◆ **Task goal**
Exactly retype the lines below from the one containing "SHEIN VCAY 女款度假休閒純色單肩流蘇下擺上衣 - 鵝黃色 - 查看 8" through the end of the listing. Leave pictures out.

*** Dataset excerpt Section Begins ***

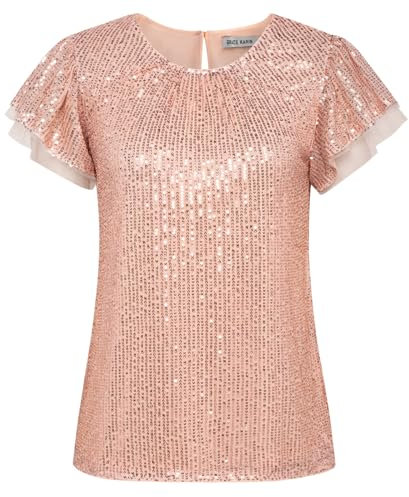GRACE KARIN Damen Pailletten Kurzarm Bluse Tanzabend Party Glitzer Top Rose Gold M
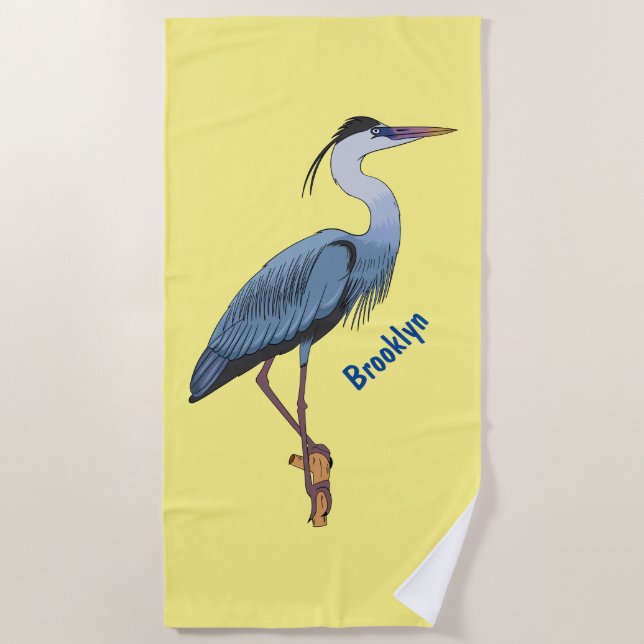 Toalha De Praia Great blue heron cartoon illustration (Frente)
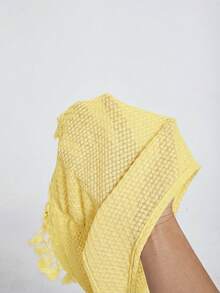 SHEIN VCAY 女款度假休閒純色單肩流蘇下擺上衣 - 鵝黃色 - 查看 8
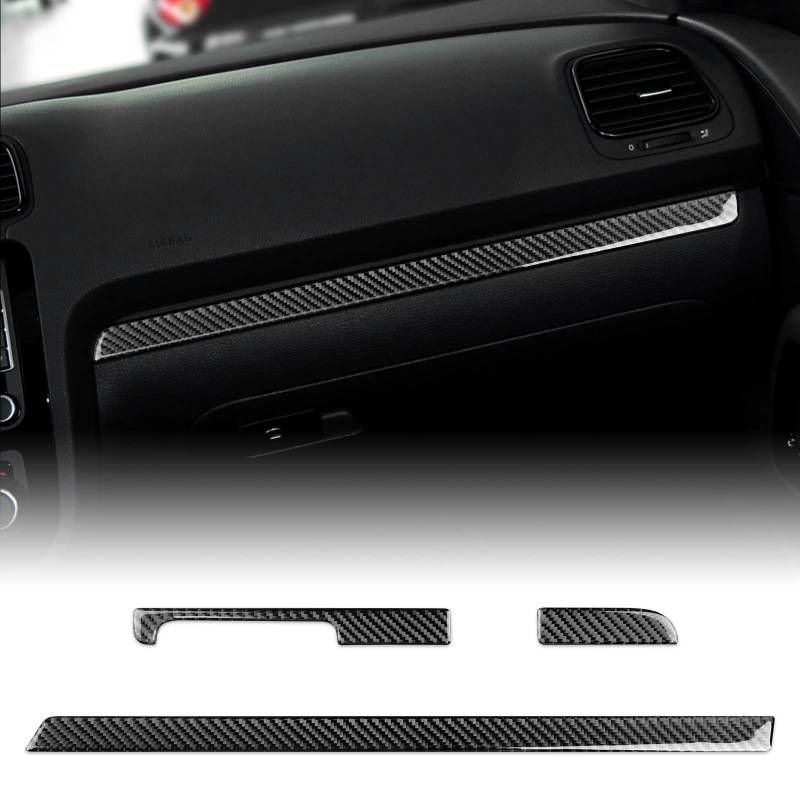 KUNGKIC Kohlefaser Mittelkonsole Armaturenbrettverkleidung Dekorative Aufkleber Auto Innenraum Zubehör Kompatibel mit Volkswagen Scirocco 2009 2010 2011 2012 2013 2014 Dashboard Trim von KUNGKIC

*** Dataset excerpt Section Ends ***

◆ **Your solution**
 SHEIN VCAY 女款度假休閒純色單肩流蘇下擺上衣 - 鵝黃色 - 查看 8
 KUNGKIC Kohlefaser Mittelkonsole Armaturenbrettverkleidung Dekorative Aufkleber Auto Innenraum Zubehör Kompatibel mit Volkswagen Scirocco 2009 2010 2011 2012 2013 2014 Dashboard Trim von KUNGKIC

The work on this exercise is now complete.